APB2FaceV2: Real-Time Audio-Guided Multi-Face Reenactment

Abstract

Audio-guided face reenactment aims to generate a photorealistic face that has matched facial expression with the input audio. However, current methods can only reenact a special person once the model is trained or need extra operations such as 3D rendering and image post-fusion on the premise of generating vivid faces. To solve the above challenge, we propose a novel Real-time Audio-guided Multi-face reenactment approach named APB2FaceV2, which can reenact different target faces among multiple persons with corresponding reference face and drive audio signal as inputs. Enabling the model to be trained end-to-end and have a faster speed, we design a novel module named Adaptive Convolution (AdaConv) to infuse audio information into the network, as well as adopt a lightweight network as our backbone so that the network can run in real time on CPU and GPU. Comparison experiments prove the superiority of our approach than existing state-of-the-art methods, and further experiments demonstrate that our method is efficient and flexible for practical applications¹¹1https://github.com/zhangzjn/APB2FaceV2.

Index Terms— audio-guided generation, multi-face reenactment, adaptive convolution, generative adversarial nets

1 Introduction

Audio-guided face reenactment is a task to generate photorealistic face images under the condition of audio input, which has promising applications such as animation production, virtual announcer, and game. In this paper, different from current methods that can only reenact a special person once the model is trained, we focus on a more challenging task: audio-guided multi-face reenactment, where different target faces among several persons can be reenacted using one unified model.

Benefited from the development of neural network, many methods have achieved good results in the audio-to-face task.
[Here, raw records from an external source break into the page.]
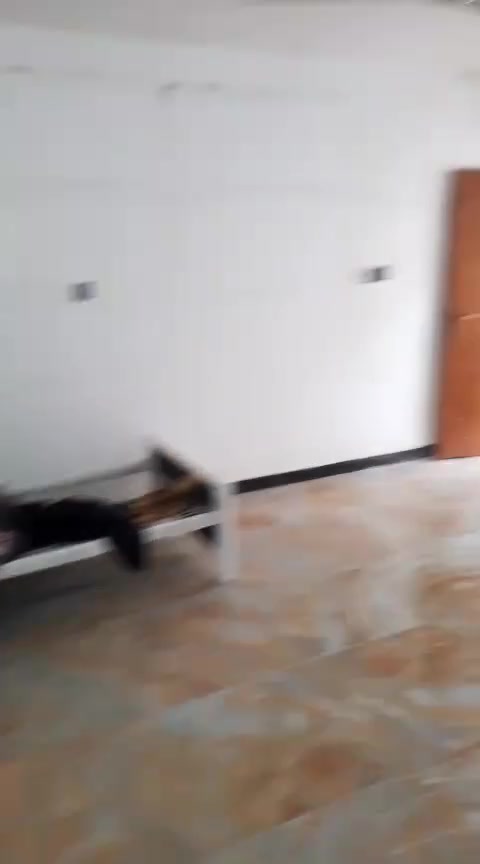 شقه للايجار سبع بكار شارع الوكيل حسوني متكونه من غرفه وصاله وخدمات الاستفسار
@***********
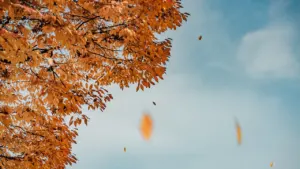 Sapnas apie krintančius lapus: pokyčių ir rudens vaizdiniai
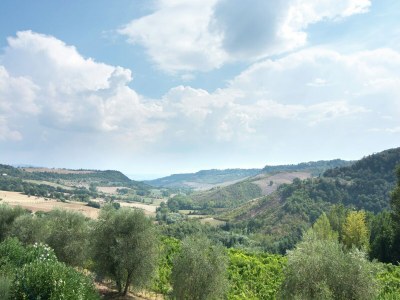 Villa Villa in Rome with Pool & Garden - Environment photo 38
Cudeiro et al. [1] present a speech driven facial animation framework named VOCA that can fully automatically outputs a realistic character animation given a speech signal and a static character mesh. Works [2, 3] employ the LSTM [4] model to generate orofacial movement from acoustic features for predefined 3D model. Though 3D model-based methods can obtain vivid results, they need high costs for hardware and predefined 3D model as well as post-processing time consumption. Thus the pixel-based method is born to conduct the audio-to-face task. Duarte et al. [5] propose the Wav2Pix to generate the face image by an encoded audio vector in an adversarial manner, while Zhang et al. [6] design an APB2Face model that immensely improves the quality of the generated image. Consistent with pixel-based method, we design our model in a generative adversarial manner that can reenact photorealistic images and is easy to follow.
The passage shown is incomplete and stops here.